DO NOT becomes a rainy-day statistic. Here are some tips to reduce your chances of having an accident:
- Prepare your car for rain – check your tires, check your brakes, make sure windshield wipers are in working order, and make sure headlights, tail lights, brake lights, and turn signals are working properly.
- Know the road – take a moment to consider the route you will take. Avoid low lying areas that are prone to flooding.
- Stay focused – keep your eyes on the road and pay attention to your driving only. No distractions!
* Turn on your headlights – it is the law in all states. Please note – it is against Florida law to have your hazard lights on while you’re driving.
- Turn off cruise control – take control of your vehicle and the accelerator.
- Slow down – driving too fast can make you lose traction and your tires will not be able to grip the road. Avoid slamming on your brakes.
- Leave room – stay at least 5 or more seconds behind the vehicle in front of you and keep space on all sides of you, so you do not get boxed in and the spray will not reduce your visibility.
- Stay in middle lane – water tends to pool in the outside lanes.
- Use extra caution when merging lanes – drive defensively and stay alert.
- Use defrosters – windows can often mist up in rain or high humidity impacting visibility. If your vehicle has no AC or defroster, open your window side windows slightly to get air moving.

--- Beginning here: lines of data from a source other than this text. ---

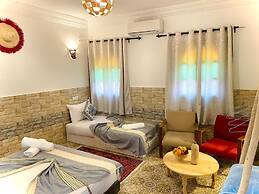 riad la joie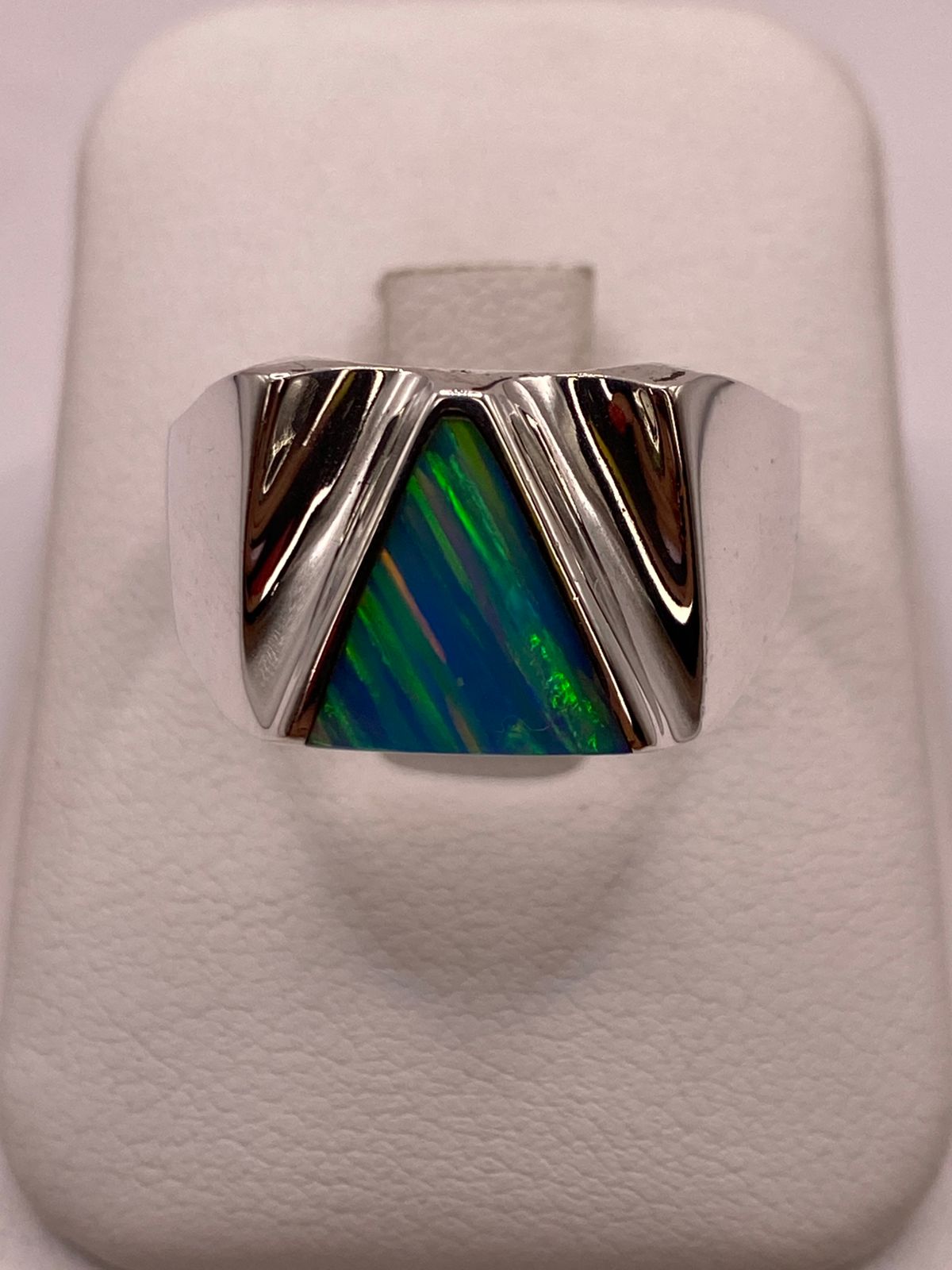 Anillo Contemporáneo Plata Ley 950 con Ópalo de Fuego Azul‑verde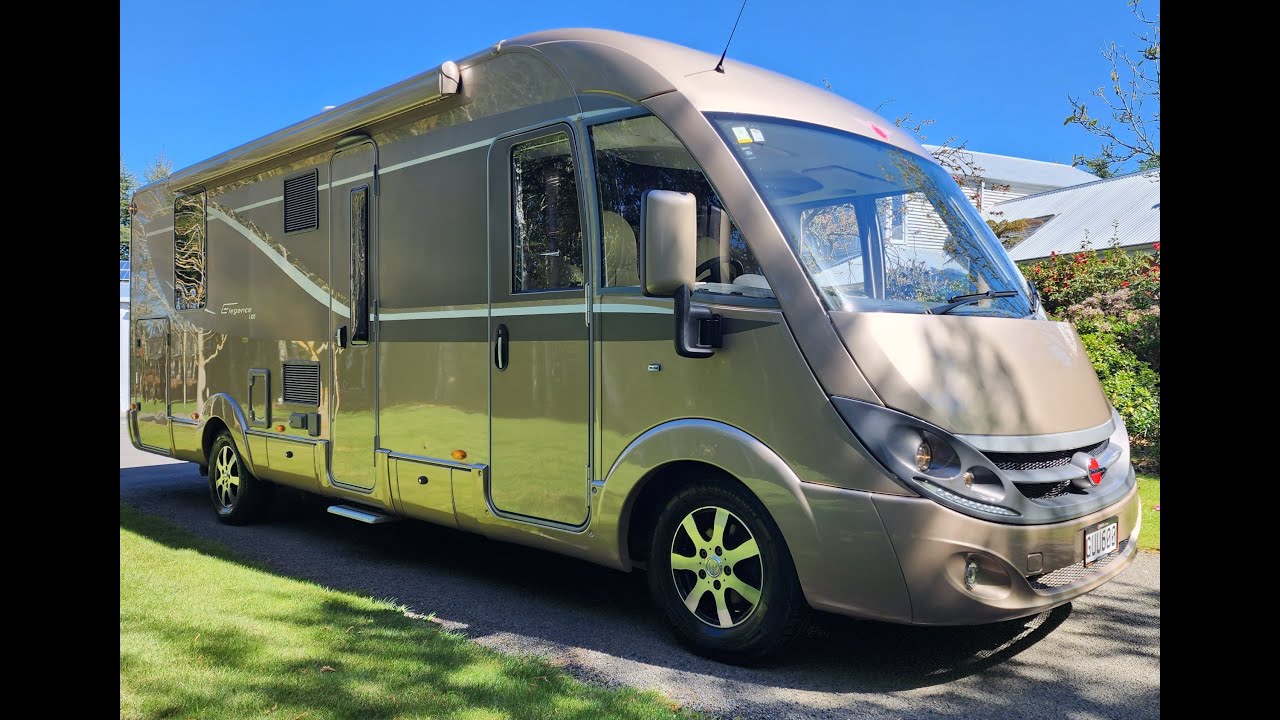 Luxurious 2013 Burstner Elegance i800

- Turn around – if you see deep standing water or moving water, do not attempt to drive through, turn around and find another safer route.
- Be courteous – watch for and avoid splashing pedestrians or bicyclists.
- Be patient – stay calm and remember to take some breaths.
If you feel uncomfortable driving in the rain, wait until the weather improves or consider delaying your trip or commute. In some cases, you may need to pull off the road to a safe place until the weather subsides.